Les façades et les toitures (à l'exclusion de l'aile est) (cad. AE 154) : classement par arrêté du 11 octobre 1971 ; Les façades et les toitures des dépendances ; les vestiges de l'ancienne enceinte (cad. AE 154) : inscription par arrêté du 13 octobre 1971

Personnages clés

Jean de Lys - Seigneur du Chastenay (XIVe siècle) Commanditaire du manoir en 1349.
Philippe de Loron - Seigneur protestant (XVIe siècle) Cacha un trésor pillé en 1567.
Gabriel de La Varende - Propriétaire et restaurateur (XXe siècle) Acheta et sauva le manoir en 1966.
Éléve de Viollet-le-Duc - Architecte (XIXe siècle) Rénova l’aile gauche vers 1850.

Origine et histoire

Le manoir du Chastenay, situé à Arcy-sur-Cure dans l’Yonne, est un édifice emblématique mêlant styles Renaissance et médiéval. Construit au XVIe siècle sur les fondations d’une demeure plus ancienne (XIe ou XIVe siècle), il se distingue par son enceinte quadrilatérale flanquée de tours rondes, dont un colombier, et une façade ornée d’une tourelle en encorbellement. Le site, traversé par la Via Agrippa et un chemin de Compostelle, repose sur un réseau de grottes souterraines inondées, ajoutant à son mystère. Des symboles alchimiques, sculptés ou peints, suggèrent son usage comme lieu d’études ésotériques à l’époque médiévale, selon Gabriel de La Varende, ancien propriétaire.

La chapelle médiévale, détruite lors de la Réforme ou transformée en grange, a laissé des vestiges comme un portail remonté à l’entrée du jardin. Le manoir conserve une cave ogivale du XIVe siècle et une cage d’escalier hexagonale (tour Saint-Jean), accessible par la porte des Sages, surmontée de trois bustes. Les boiseries du rez-de-chaussée, ornées de peintures bibliques, et l’aile gauche du XVIIIe siècle, remaniée vers 1850 par un élève de Viollet-le-Duc, témoignent de son évolution architecturale. Un pavillon néo-Renaissance fut ajouté en 1875.

Le manoir est lié à une légende du XVIe siècle : Philippe de Loron, seigneur protestant, y aurait caché un butin pillé à l’abbaye Saint-Germain d’Auxerre en 1567. Une servante, knowing l’emplacement du trésor, aurait eu la langue râpée pour l’empêcher de parler, épisode confirmé par des archives judiciaires.
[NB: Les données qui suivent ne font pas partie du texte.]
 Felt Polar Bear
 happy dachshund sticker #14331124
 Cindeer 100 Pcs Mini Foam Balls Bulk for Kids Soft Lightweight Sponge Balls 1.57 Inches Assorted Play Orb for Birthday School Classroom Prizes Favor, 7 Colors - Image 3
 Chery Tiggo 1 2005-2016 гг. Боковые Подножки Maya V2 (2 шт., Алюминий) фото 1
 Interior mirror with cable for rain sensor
Aucune trace du trésor n’a été trouvée malgré des fouilles. Classé Monument Historique en 1971 (façades, toitures, enceinte), le manoir fut restauré à partir de 1972 sous l’impulsion de Gabriel de La Varende, qui l’acquit en 1966 alors en ruine.
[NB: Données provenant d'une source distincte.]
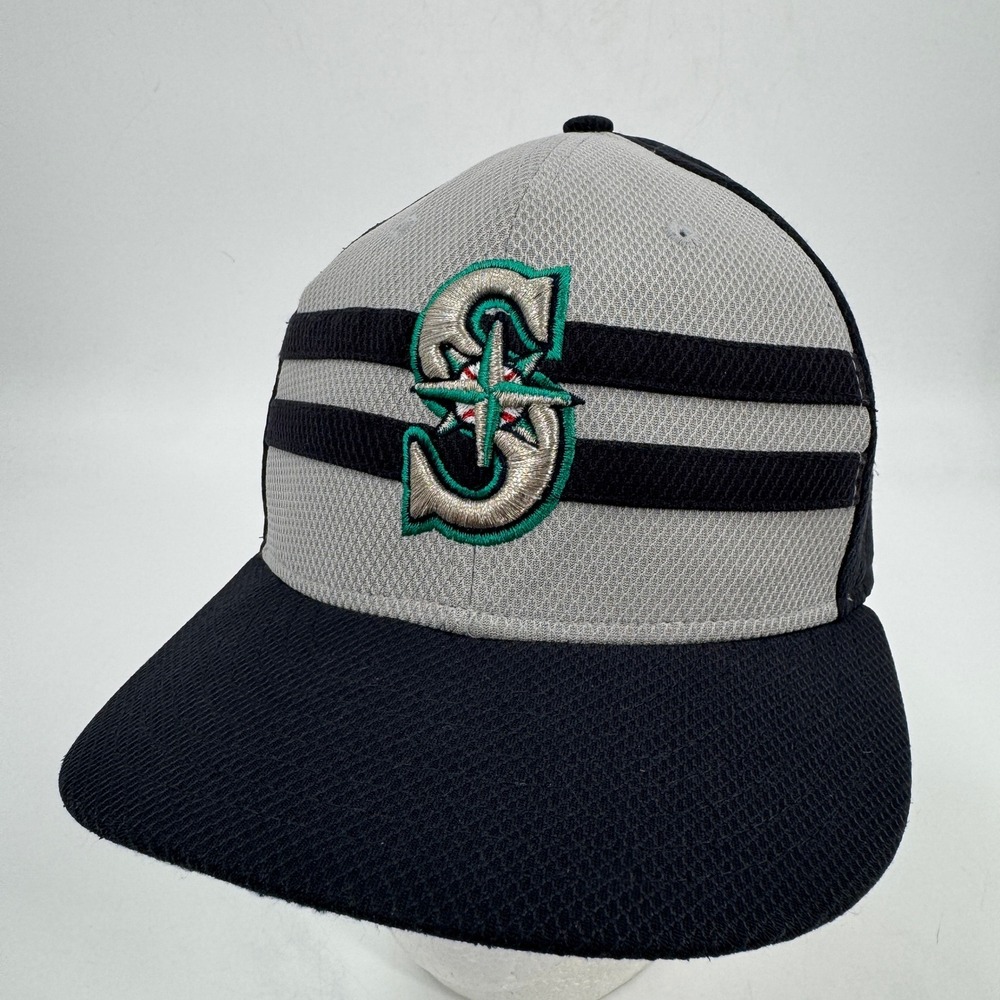 New Era 59FIFTY Seattle Mariners Hat Mens 7 1/4 Navy 2015 All Star Game Fitted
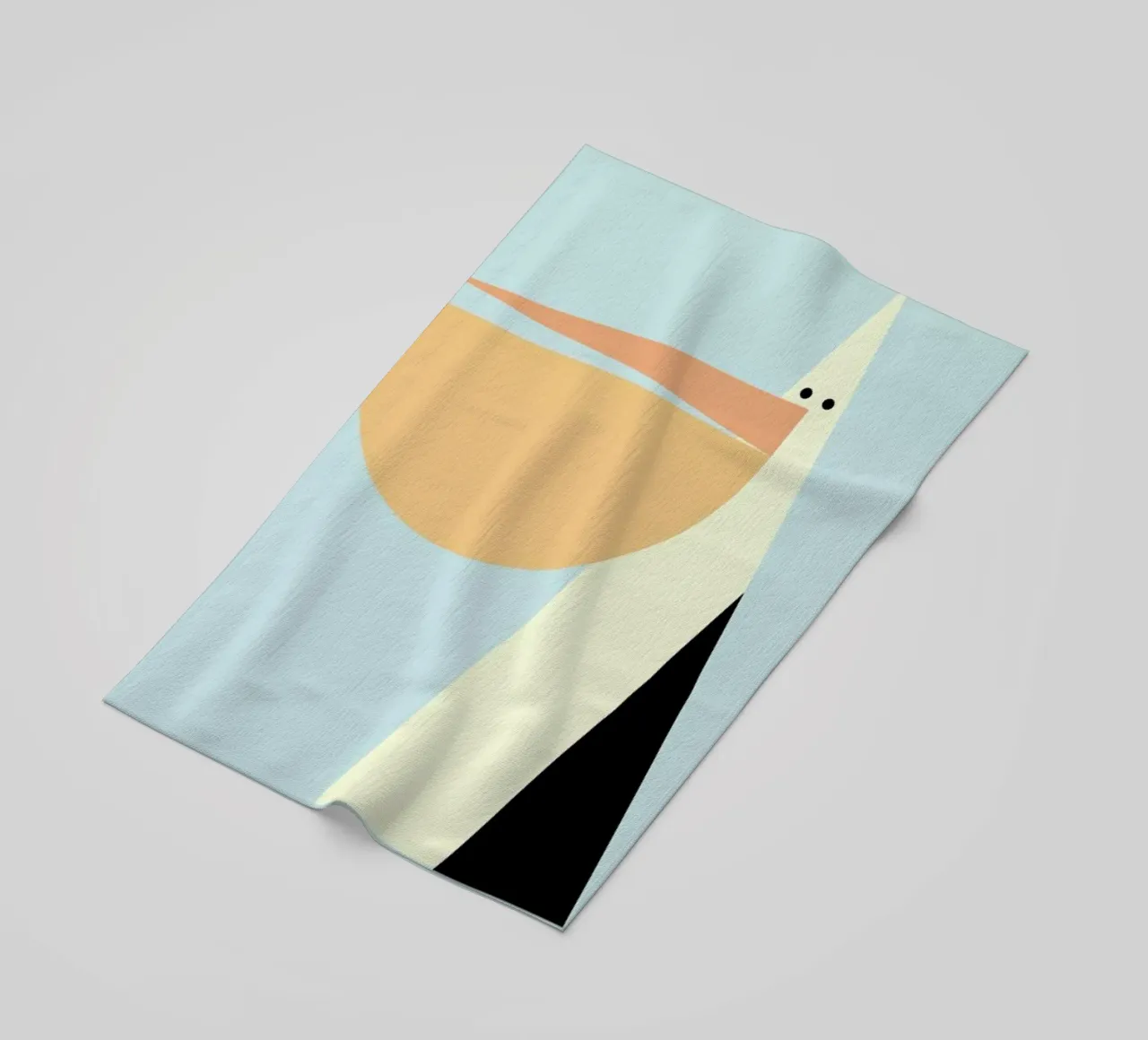 Stevie the Pelican beach towel by Marx & Croft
Les propriétaires se sont succédé depuis le XIVe siècle, des familles Geoffroy et de Digogne (1314) aux Loron du Chastenay, puis aux Stutt d’Assay (à partir de 1687). Au XIXe siècle, la famille Berger du Sablon, puis les Mallard de La Varende, ont marqué son histoire. Bien que fermé au public, le manoir attire l’attention pour son patrimoine architectural et ses mystères, tandis que ses grottes souterraines restent accessibles.

La restauration du XXe siècle a préservé les éléments Renaissance et médiévaux, mais l’absence de trésor confirmé et les transformations successives (comme la destruction de la chapelle) soulignent les lacunes de son histoire. Les recherches de Gabriel de La Varende, consignées dans Une demeure alchimique (1982), et les études locales (comme celles de l’abbé Parat en 1914) documentent son passé, entre réalité historique et légendes persistantes.